Notes: Enrollment on the BMT CTN 0901 trial (NCT01339910) was closed to further accrual on April 18, 2014. Enrollment on the BMT CTN 1203 trial (NCT02208037) completed accrual on May 13, 2016.
|Study Type :||Interventional (Clinical Trial)|
|Actual Enrollment :||198 participants|
|Intervention Model:||Parallel Assignment|
|Masking:||None (Open Label)|
|Primary Purpose:||Health Services Research|
|Official Title:||Easy-to-Read Informed Consent (ETRIC) for Hematopoietic Cell Transplantation Clinical Trials (BMT CTN #1205)|
|Actual Study Start Date :||December 2013|
|Actual Primary Completion Date :||August 3, 2016|
|Actual Study Completion Date :||August 3, 2016|
Active Comparator: Standard Consent
This arm will receive the Consent Form Specific Format 1 'standard consent'. The standard consents are already approved and used for the BMT CTN 0901, 1101, 1203, and 1301 trials.

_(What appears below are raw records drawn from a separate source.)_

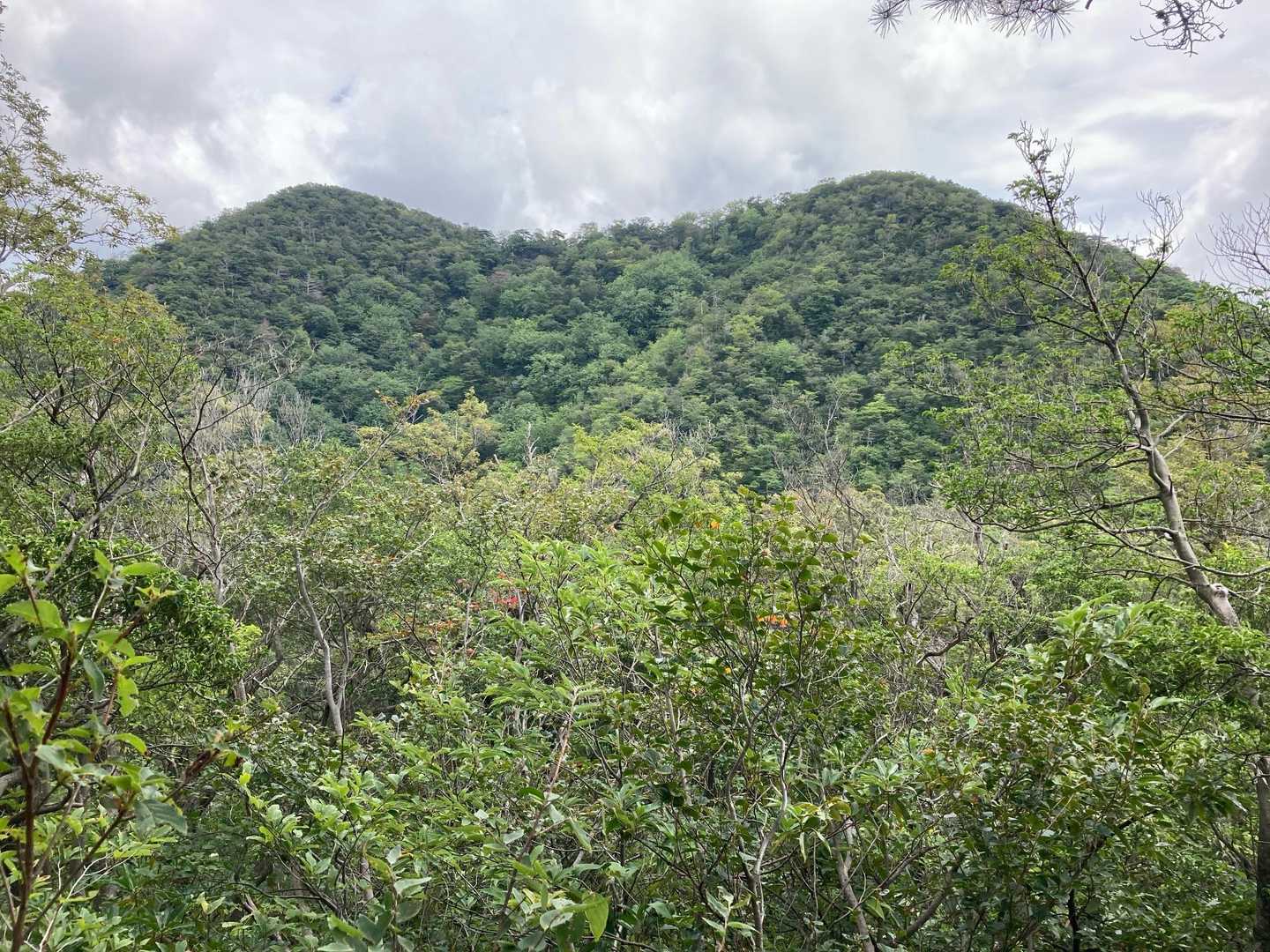 とのお新道ビューポイントより、鞍掛山⛰️⛰️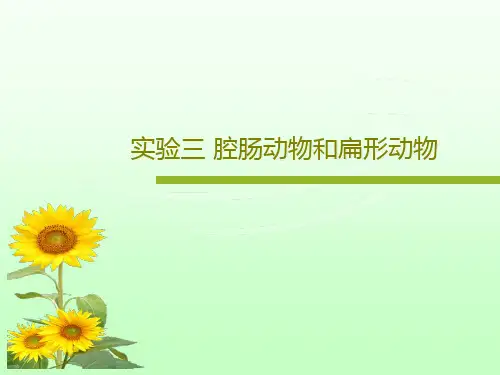 实验三 腔肠动物和扁形动物共44页文档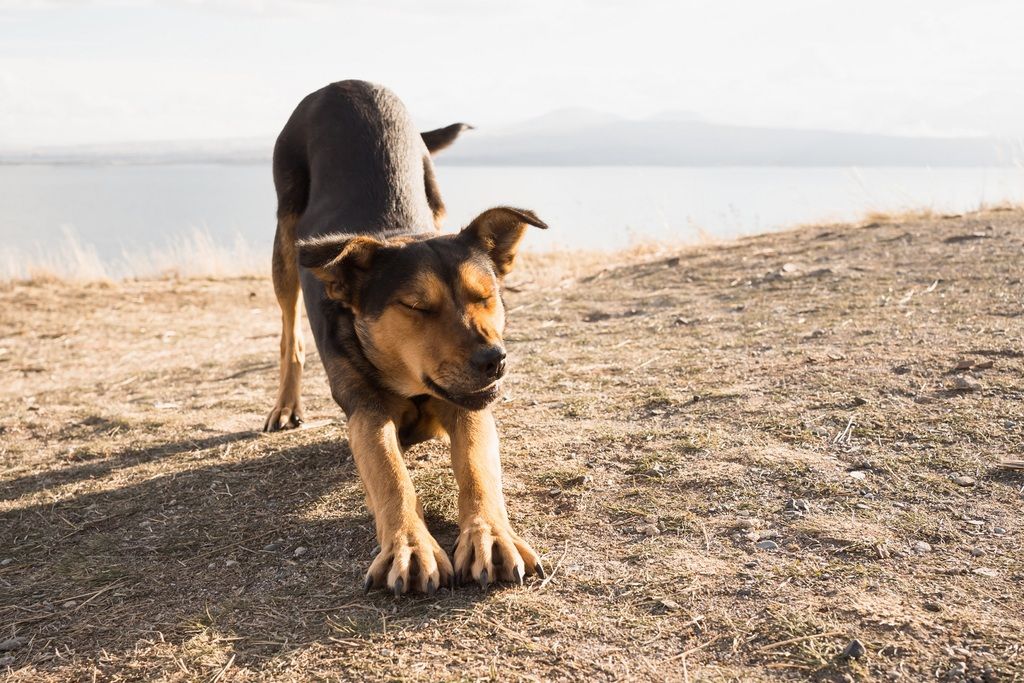 chien qui s'étend sur la plage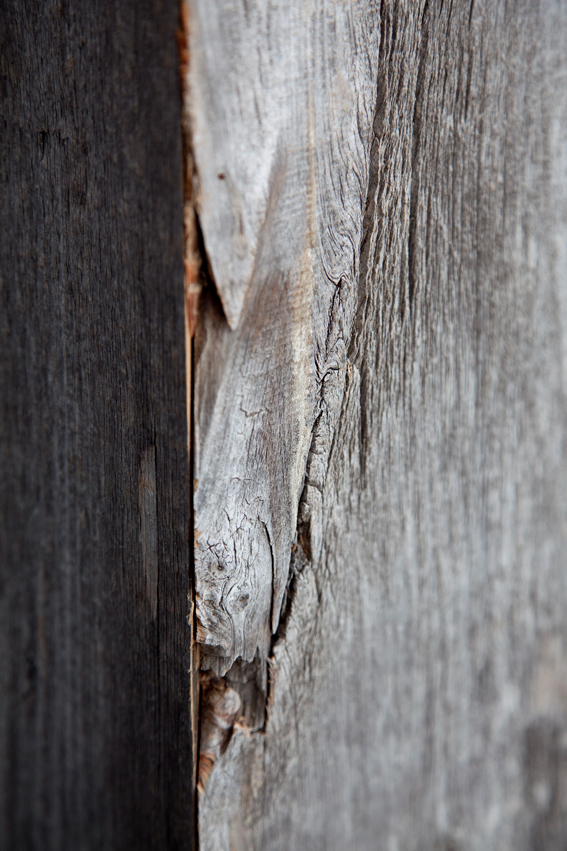 Afschilfering en vezelbreuk tonen de impact van langdurige weersbelasting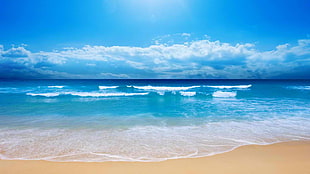 ocean waves during daytime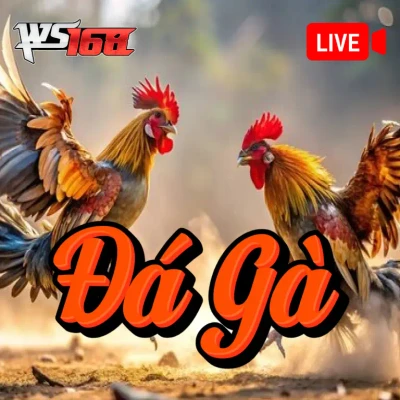 S88 Đá Gà WS168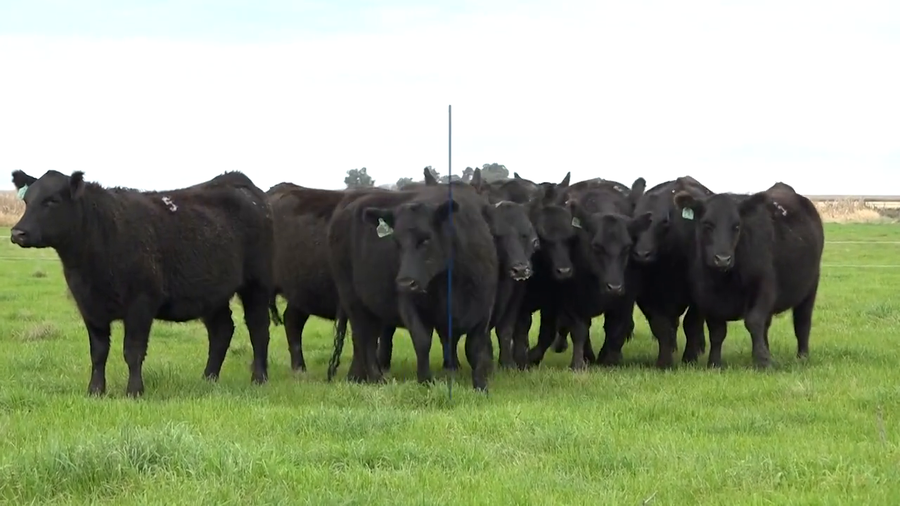 Lote VAQUILLONAS MaS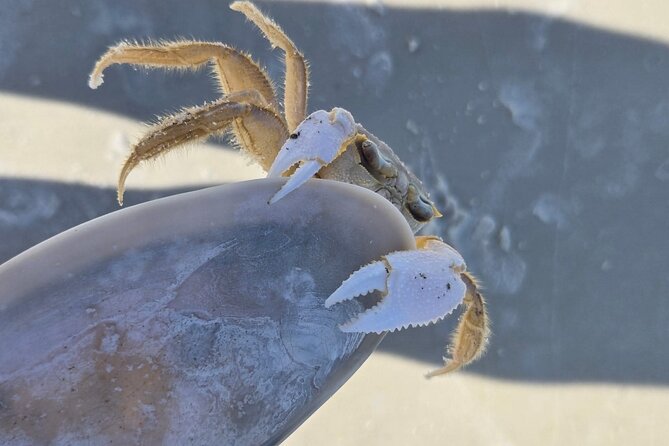 2 Hour Snorkeling and Dolphin Tour - Snorkeling for Seashells and Marine Treasures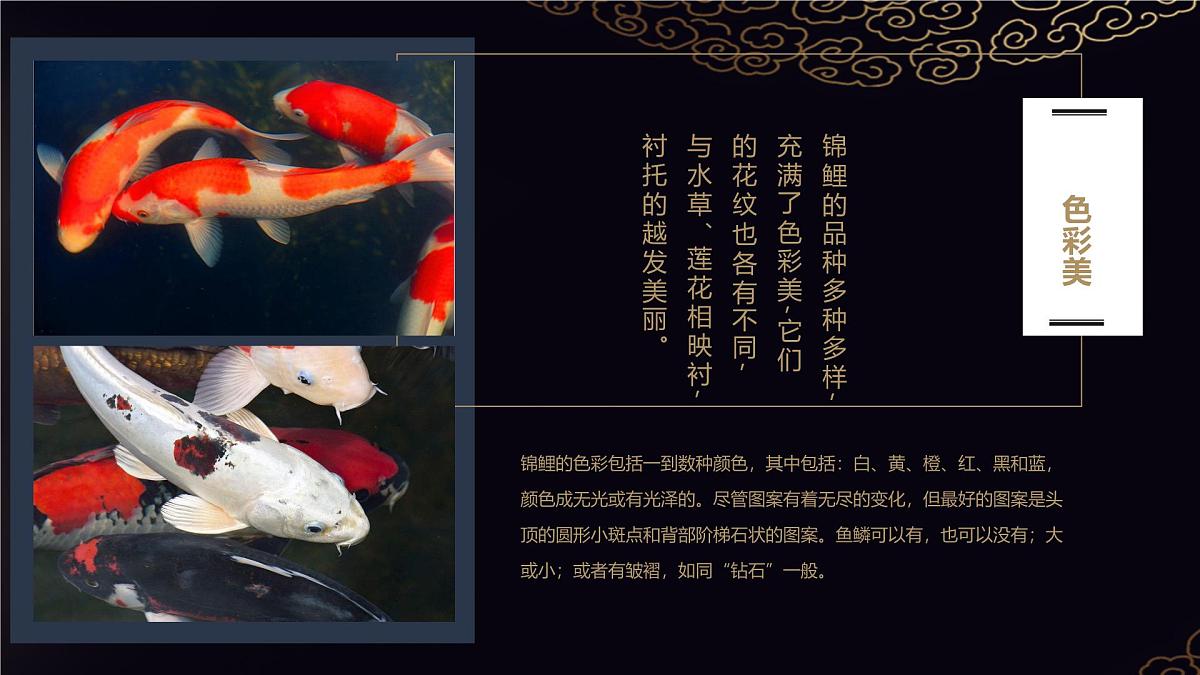 大班《荷间锦鲤》+课件第7页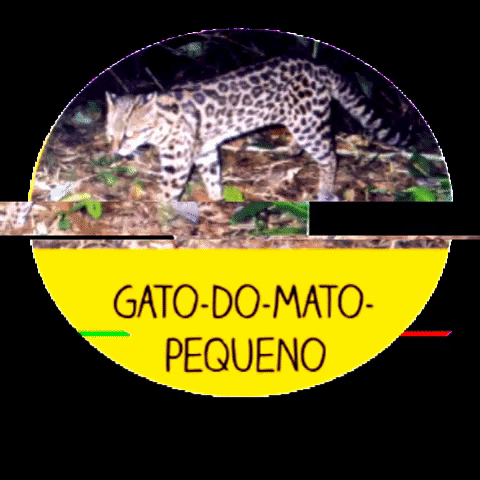 menoresbichosdobrasil giphygifmaker cat nature brasil GIF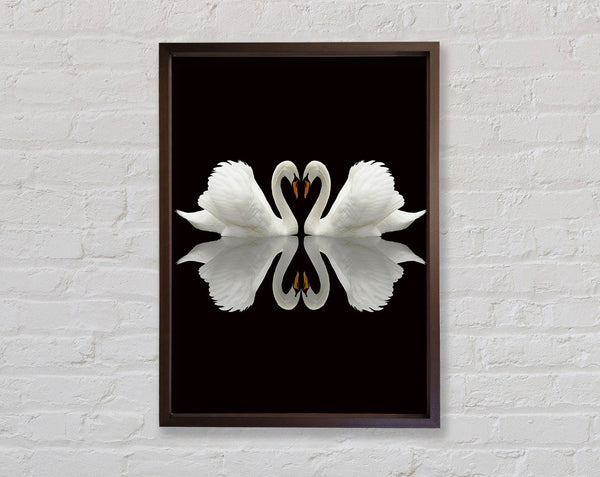 Two Walnut Swans Framed Print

Other: Consent Form Specific Format 1
The Consent Form Specific Format 1 is the 'Standard Consent'. The standard consent does not have the format of two-columns with changes in layout readability, organization of content, typography and use of plain language. Standard consents are already used by sites for the BMT CTN 0901, 1101, 1203, and 1301 clinical trials.
Experimental: Easy-to-Read Informed Consent
This arm will receive the Consent Form Specific Format 2 'Easy-to-Read Informed Consent'.The Easy-to-Read Informed Consent (ETRIC) is the newly approved consent.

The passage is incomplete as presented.